IMF calls for internal GCC trade
‘A lot of praise to offer’ – IMF director
Lower oil prices have big impact
Senior International Monetary Fund officials commended Gulf states this week for their efforts to expand sources of economic growth and fiscal revenue beyond oil. They also urged more intra-GCC trade, as global commerce is roiled by steep and volatile US tariffs.
“I have a lot of praise to offer because they have been pursuing reforms and diversification of the economies,” IMF director Kristalina Georgieva said on Thursday in Washington.
“Most countries have done really well. So now they see oil growth down, but non-oil economies are still doing quite well.”
Since taking office in January, US President Donald Trump has announced tariffs on nearly all imports regardless of country of origin, stoking fears of a global recession and damping oil prices.
A recent decision by Opec+ to move forward with planned increases in crude production after holding back output for more than two years is further impacting crude prices.
Lower oil prices are the biggest vehicle of transmission of global economic volatility into the Arab Gulf states, given that the six GCC states’ bilateral trade with the US remains modest, according to Jihad Azour, the IMF director for the Middle East and Central Asia.
While each country in the region has a different breakeven level, the IMF estimates that a fall in the price of crude of $10 weakens their fiscal stance by between 2.3 and 2.7 percent of gross domestic product, Azour said during a press briefing on Thursday.

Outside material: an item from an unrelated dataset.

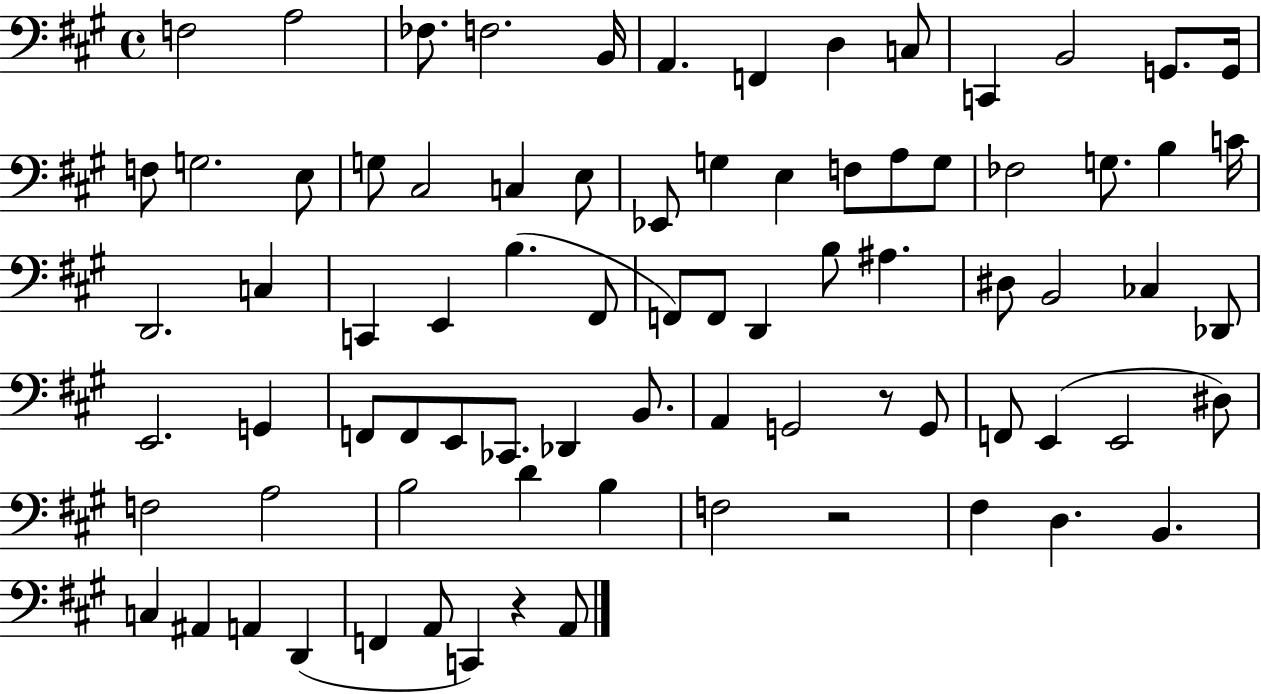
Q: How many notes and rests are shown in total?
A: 80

It similarly affects current account balances by between 2.5 and 2.7 percent of GDP, he said.
Brent crude is trading at slightly over $66 a barrel, having fallen 12 percent so far this year.
The IMF officials said that diversification efforts across the GCC are therefore critical.

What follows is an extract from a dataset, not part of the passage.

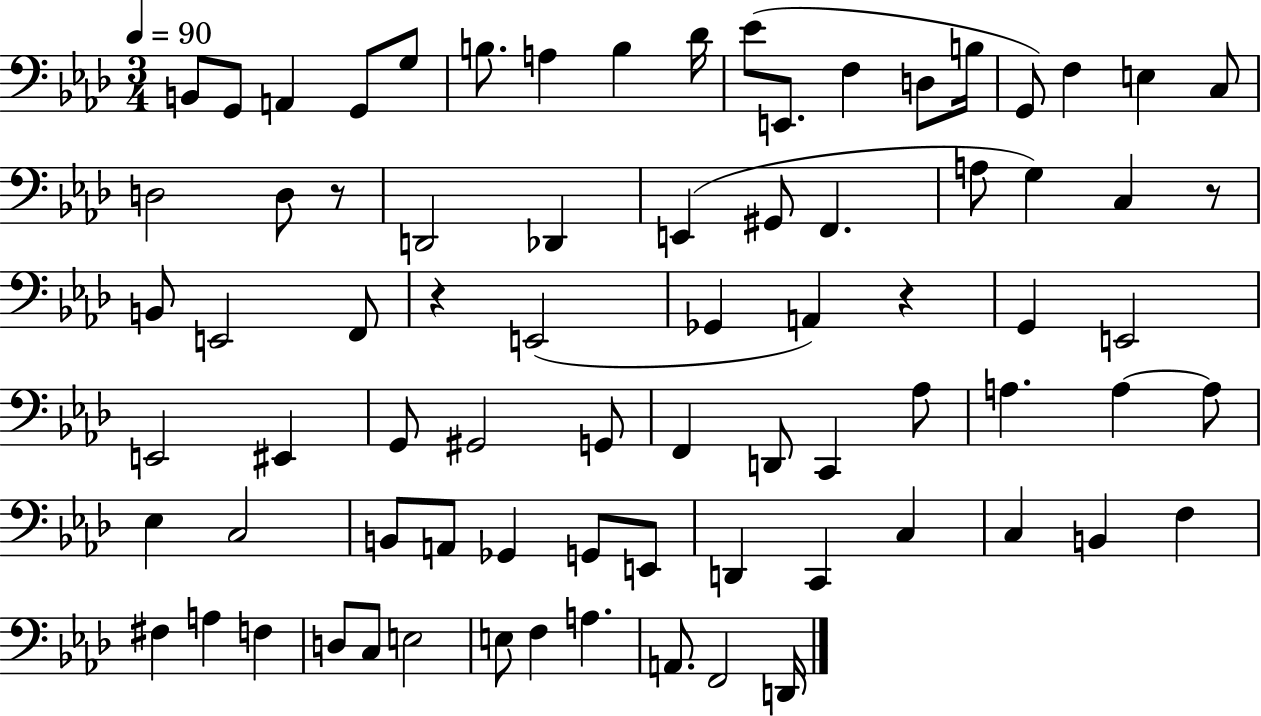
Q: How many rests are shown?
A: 4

“Some countries have used the opportunity of their diversification strategy to both reduce the dependence on oil as a source of income, but also to diversify fiscally and reduce the impact of oil revenues,” Azour said. “Which we encourage other countries to focus on.”
Azour highlighted “significant improvements” made by Saudi Arabia in this domain.
“The last couple of years have been beneficial in terms of providing Saudi Arabia and other GCC countries with surplus in the fiscal [space] as well as also in the current account,” he said.
“Of course, still, the oil sector represents an important source of revenue, and it’s still also an important resource of foreign currencies.”
The IMF revised Saudi Arabia’s growth prospects downward in its latest World Economic Outlook, forecasting 3 percent growth this year versus 3.3 percent it projected in January.
Azour said that GCC countries should create trade and investment corridors with sub-Saharan Africa and Asia and, most importantly, within their immediate region and with close neighbours in North Africa and Central Asia.
Such a strategy, he said, “can help mitigate exposure to external uncertainty, enable greater risk sharing, and drive sustainable economic development”.
IMF director Georgieva said on Tuesday that she expects increasing regional engagement “in areas of the world where this makes total sense.” She cited the GCC and the Association of Southeast Asian Nations as prime examples.
“There [are obvious] benefits of stepping up trade among neighbours, creating better conditions for capital flows across borders,” she said.